Visited the graves of my parents today. Bouncing around in my head was a question one of my kids had asked: “I’m turning 30 and what have I done with my life?”
Try turning 60 and having the same question.
My mom and dad passed on at 75 and 83, having lived lives that were, in my eyes, full of achievement, and yet I wonder if they ever asked themselves what they had really done.
How do we measure a life? In terms of power, prestige or possessions? Hell, yeah! Don’t you want to be able to simply look at a guy and have him shrink in fear into nothingness? Aren’t you willing to do anything to amass more power than you have the competence to wield? You drool over that low numbered license plate. You want a yacht. You want another yacht. But that can’t be right, can it? When it comes right down to it, measuring a life in terms of power, prestige and possessions is no less idiotic than measuring your whole goddamn existence on the basis of Likes, Views and Shares.
I wasted so much energy hating this one person for nearly twenty years. Yesterday, I decided to forgive him. Who knows why things happen? I was home alone on a Sunday, and decided to go to Mass. I didn’t have to. If I didn’t, who would have known? But I went. And Father Rene made a strong case for forgiveness in his homily. I’m sorry but I can’t remember what he said. He had a quote in there from St. Augustine, but I’ve Googled and Googled and Googled and can’t find it. The point is: I suddenly felt ready to forgive.
I won’t recount what this guy did so many years ago. The mere thought of putting it down in writing, of framing it in a way that would make readers understand the gravity of the offense, is weakening my resolve to forgive. Suffice it to say that I won’t retell the story but I won’t forget it either.
This is not the first time I’ve told myself that I forgive him, but it in the past I always harbored a little hope that God or karma would work some kind of vengeance on my behalf. This time, however, I’m letting go of that little kernel that wants retribution.
It’s a little late in the day, but I’ve finally realized that I’d rather not measure my life in terms of what could have been.
When I was in my early thirties, we had a motivational speaker come to the office who asked us how we wanted to be remembered. He said, Imagine yourself at your own funeral with people peering down at you in your coffin, and you can hear them talking about you. What are they saying? What do you want them to say?
One person, wiser than I give her credit for, answered without any hesitation, “I hope they say ‘She took good care of her people.’ That’s all.”
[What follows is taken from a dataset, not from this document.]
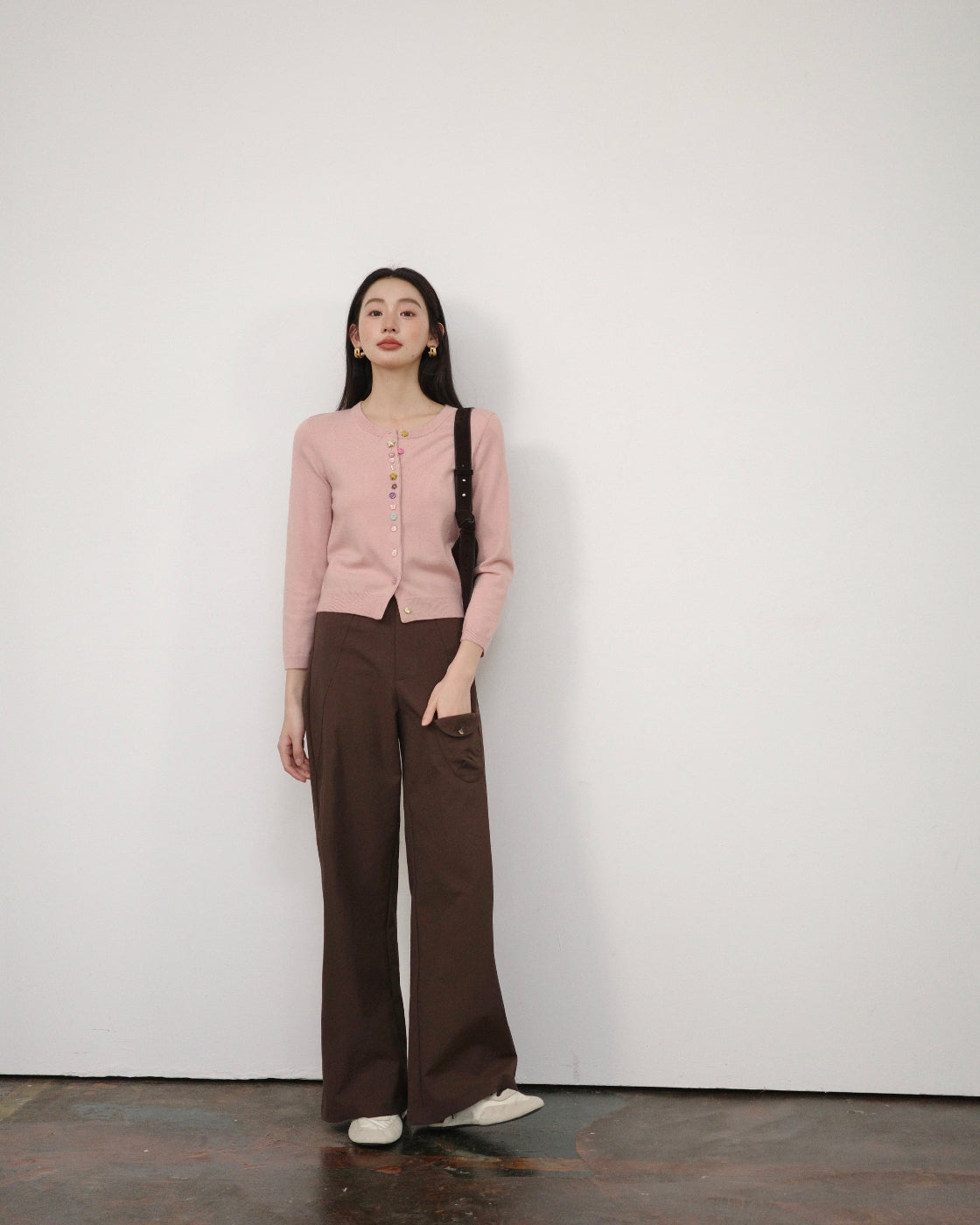 布朗Slim Straight-Leg Casual Pants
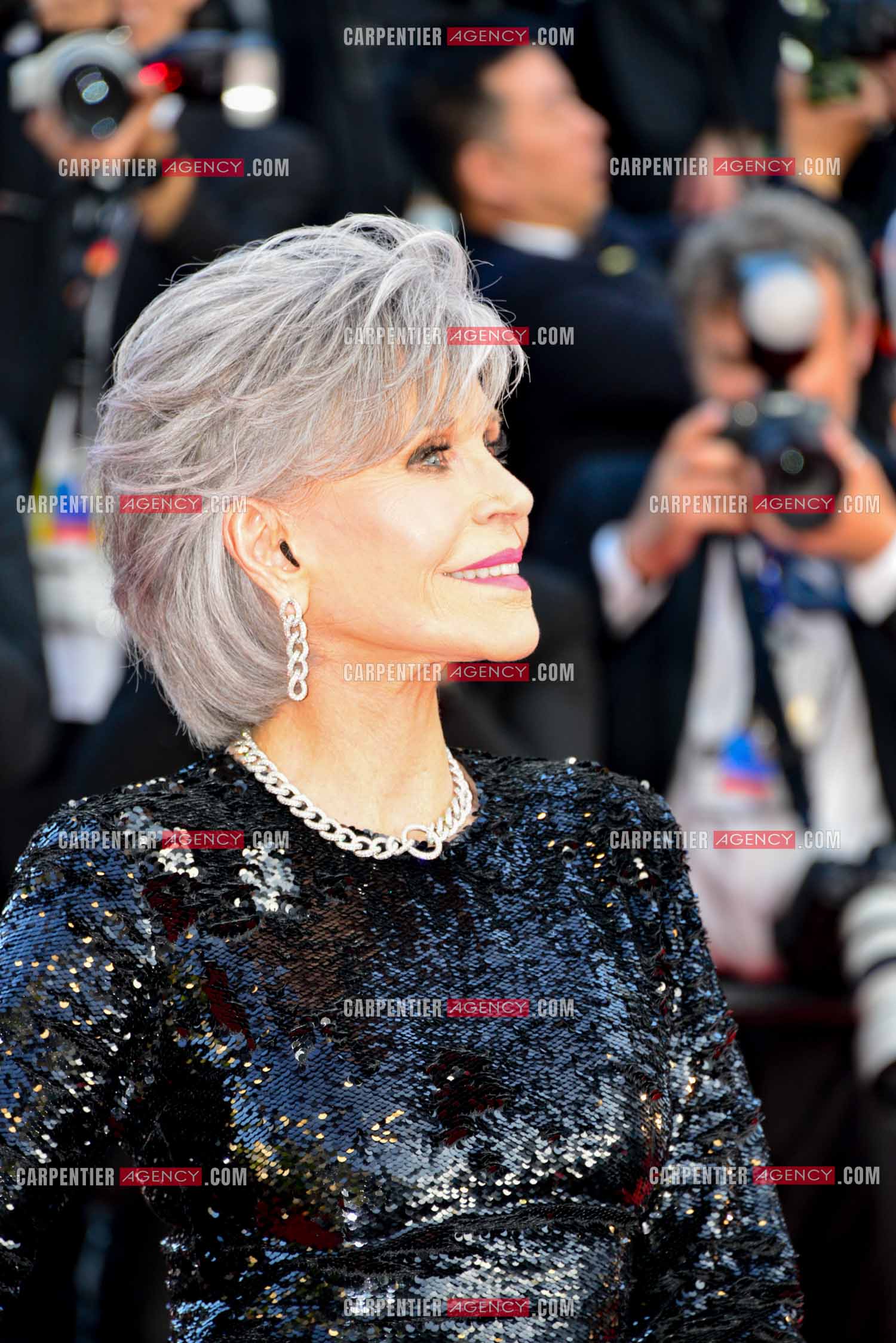 Festival de Cannes 2023. 76e édition du 16 au 27 mai 2023 au Palais des festivals, à Cannes. L'actrice Américaine Jane Fonda assiste à la cérémonie de clôture et à la projection du film “ Élémentaire  “.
I guess there’s a question of who ‘your people’ are. Who have you taken responsibility for? Whose lives do you have stewardship over, whether you like it or not? Certainly, your family. Maybe your friends, too. Definitely your staff is part of Your People. The people in your neighborhood could also be. If you are a high government official, then the Filipino People.
But who is to say that any group, large or small, has more value than any other? The word that conveys a measurement—good—describes the care, not the people.
I know it’s a gross oversimplification. And yet, by this simple standard, how many of us would get a passing grade? Not me.
Implicit in the judgment that “she took good care of her people” is a value system that puts the welfare of others above one’s own self-interest. There is an admonition to live for others, to stand with others, to aspire not only for Honor and Excellence but to dedicate these qualities to the Service of others.
Fortunately, I still have time.
There lie the lessons for the day. People ought to take good care of each other. Forgive the injuries in the past that are holding you back. For as long as you keep moving forward, no measurement of your life is final.
I should leave the preaching to priests . . . and university professors.
Like my parents. Good job, Dad and Mom.